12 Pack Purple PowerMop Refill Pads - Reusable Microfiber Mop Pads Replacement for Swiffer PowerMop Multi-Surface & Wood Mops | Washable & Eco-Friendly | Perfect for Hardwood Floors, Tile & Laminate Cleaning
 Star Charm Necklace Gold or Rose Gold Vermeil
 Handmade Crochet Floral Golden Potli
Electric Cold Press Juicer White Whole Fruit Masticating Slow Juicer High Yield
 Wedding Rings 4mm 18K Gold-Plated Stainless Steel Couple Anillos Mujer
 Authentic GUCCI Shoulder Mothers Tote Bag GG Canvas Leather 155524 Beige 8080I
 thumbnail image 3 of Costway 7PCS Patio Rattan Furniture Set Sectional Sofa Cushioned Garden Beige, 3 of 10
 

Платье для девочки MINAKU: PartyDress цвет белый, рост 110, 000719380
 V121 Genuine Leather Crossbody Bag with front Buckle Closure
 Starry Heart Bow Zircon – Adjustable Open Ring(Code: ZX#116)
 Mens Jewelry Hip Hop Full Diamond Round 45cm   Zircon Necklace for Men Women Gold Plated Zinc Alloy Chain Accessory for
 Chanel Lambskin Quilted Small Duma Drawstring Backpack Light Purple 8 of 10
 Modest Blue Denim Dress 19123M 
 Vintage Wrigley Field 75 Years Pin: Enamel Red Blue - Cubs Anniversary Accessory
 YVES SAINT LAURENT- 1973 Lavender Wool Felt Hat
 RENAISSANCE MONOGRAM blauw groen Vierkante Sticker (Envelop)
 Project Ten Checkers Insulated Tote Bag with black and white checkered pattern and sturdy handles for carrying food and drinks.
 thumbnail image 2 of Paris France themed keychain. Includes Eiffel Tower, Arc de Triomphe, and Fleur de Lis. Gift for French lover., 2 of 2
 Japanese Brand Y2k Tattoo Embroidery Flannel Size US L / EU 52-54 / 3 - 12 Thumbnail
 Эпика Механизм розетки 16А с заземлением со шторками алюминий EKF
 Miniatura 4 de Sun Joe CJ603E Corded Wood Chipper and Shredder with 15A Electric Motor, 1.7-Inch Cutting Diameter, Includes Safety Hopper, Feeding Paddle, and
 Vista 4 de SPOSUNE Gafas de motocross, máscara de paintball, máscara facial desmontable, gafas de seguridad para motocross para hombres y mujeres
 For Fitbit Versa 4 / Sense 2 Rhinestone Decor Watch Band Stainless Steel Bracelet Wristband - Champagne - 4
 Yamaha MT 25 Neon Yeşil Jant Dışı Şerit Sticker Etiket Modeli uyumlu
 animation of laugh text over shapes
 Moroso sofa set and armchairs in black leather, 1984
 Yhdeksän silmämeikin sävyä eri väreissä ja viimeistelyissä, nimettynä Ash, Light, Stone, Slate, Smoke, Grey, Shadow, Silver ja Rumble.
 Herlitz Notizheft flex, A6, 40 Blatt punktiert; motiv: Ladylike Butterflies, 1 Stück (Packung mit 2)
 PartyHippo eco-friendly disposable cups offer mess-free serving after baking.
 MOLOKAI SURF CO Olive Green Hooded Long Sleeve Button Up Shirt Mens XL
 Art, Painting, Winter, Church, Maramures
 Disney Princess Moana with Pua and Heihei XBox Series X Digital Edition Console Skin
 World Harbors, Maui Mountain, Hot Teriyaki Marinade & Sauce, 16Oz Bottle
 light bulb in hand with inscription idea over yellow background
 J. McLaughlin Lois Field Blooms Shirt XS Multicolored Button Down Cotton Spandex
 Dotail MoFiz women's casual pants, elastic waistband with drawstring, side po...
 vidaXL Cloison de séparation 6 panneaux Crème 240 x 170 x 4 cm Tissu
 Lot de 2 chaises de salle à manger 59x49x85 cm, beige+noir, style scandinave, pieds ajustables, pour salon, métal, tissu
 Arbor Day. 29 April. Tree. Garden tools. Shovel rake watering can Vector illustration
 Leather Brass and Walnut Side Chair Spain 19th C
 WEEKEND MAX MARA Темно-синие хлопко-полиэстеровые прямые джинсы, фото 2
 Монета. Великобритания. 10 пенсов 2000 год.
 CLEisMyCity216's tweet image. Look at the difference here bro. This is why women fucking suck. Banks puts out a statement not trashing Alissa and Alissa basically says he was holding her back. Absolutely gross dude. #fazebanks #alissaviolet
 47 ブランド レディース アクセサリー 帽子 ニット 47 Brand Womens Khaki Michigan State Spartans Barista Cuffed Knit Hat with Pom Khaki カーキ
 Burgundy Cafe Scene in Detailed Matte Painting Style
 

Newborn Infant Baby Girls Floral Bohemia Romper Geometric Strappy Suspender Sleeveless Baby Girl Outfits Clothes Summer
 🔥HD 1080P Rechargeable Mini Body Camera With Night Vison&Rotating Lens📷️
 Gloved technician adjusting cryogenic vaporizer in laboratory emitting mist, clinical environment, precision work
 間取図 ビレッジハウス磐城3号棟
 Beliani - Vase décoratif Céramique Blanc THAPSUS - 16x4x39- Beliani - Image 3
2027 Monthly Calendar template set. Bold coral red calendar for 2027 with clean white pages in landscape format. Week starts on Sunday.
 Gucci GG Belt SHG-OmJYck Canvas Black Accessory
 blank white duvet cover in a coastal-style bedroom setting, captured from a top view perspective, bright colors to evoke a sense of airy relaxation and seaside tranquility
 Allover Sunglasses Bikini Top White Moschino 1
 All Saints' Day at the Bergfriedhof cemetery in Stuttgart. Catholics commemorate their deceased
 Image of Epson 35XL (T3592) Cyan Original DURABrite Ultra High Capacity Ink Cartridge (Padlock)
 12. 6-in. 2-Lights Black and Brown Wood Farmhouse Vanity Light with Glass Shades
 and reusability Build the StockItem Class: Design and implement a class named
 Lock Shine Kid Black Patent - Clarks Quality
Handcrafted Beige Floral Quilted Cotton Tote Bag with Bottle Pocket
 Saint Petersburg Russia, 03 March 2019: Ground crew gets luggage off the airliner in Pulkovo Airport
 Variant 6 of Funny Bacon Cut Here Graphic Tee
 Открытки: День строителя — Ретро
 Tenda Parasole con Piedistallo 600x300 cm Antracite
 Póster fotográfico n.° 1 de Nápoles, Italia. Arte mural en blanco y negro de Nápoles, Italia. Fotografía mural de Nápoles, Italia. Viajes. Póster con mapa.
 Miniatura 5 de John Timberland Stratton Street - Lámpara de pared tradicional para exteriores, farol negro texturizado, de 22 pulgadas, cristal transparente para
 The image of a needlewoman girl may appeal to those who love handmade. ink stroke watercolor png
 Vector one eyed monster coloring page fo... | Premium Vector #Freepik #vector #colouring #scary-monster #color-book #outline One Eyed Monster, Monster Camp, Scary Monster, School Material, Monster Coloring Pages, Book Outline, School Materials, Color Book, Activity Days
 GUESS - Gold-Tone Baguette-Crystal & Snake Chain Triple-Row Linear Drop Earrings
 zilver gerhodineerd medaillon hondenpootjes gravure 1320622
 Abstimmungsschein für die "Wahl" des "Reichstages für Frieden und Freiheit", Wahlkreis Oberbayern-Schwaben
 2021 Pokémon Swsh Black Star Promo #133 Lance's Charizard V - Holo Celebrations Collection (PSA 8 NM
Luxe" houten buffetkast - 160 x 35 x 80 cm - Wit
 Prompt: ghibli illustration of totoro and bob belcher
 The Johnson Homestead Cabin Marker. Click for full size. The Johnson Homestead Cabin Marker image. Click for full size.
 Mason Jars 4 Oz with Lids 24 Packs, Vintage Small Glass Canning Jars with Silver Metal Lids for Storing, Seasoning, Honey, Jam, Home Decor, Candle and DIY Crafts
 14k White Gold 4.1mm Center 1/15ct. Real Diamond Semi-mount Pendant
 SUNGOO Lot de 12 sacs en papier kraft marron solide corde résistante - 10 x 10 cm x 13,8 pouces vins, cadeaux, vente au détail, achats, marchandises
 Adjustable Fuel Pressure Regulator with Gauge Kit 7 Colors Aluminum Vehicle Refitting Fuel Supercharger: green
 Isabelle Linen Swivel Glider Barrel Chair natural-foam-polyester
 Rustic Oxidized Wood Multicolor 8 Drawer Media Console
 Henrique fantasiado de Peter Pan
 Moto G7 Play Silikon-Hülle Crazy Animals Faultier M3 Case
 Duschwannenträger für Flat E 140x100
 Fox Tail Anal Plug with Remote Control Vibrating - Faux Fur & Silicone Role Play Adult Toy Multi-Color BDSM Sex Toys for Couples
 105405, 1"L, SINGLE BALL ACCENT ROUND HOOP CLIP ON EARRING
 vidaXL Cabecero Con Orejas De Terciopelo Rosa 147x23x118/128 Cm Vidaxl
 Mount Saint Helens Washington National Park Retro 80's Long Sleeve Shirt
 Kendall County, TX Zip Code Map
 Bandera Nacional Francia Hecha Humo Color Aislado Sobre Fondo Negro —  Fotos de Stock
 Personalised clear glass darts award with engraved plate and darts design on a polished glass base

Activity:
Look back at the entries above and repeat, unchanged, every line from the line holding "Art, Painting, Winter, Church, Maramures" through the line holding "vidaXL Cloison de".

Task response:
 Art, Painting, Winter, Church, Maramures
 Disney Princess Moana with Pua and Heihei XBox Series X Digital Edition Console Skin
 World Harbors, Maui Mountain, Hot Teriyaki Marinade & Sauce, 16Oz Bottle
 light bulb in hand with inscription idea over yellow background
 J. McLaughlin Lois Field Blooms Shirt XS Multicolored Button Down Cotton Spandex
 Dotail MoFiz women's casual pants, elastic waistband with drawstring, side po...
 vidaXL Cloison de séparation 6 panneaux Crème 240 x 170 x 4 cm Tissu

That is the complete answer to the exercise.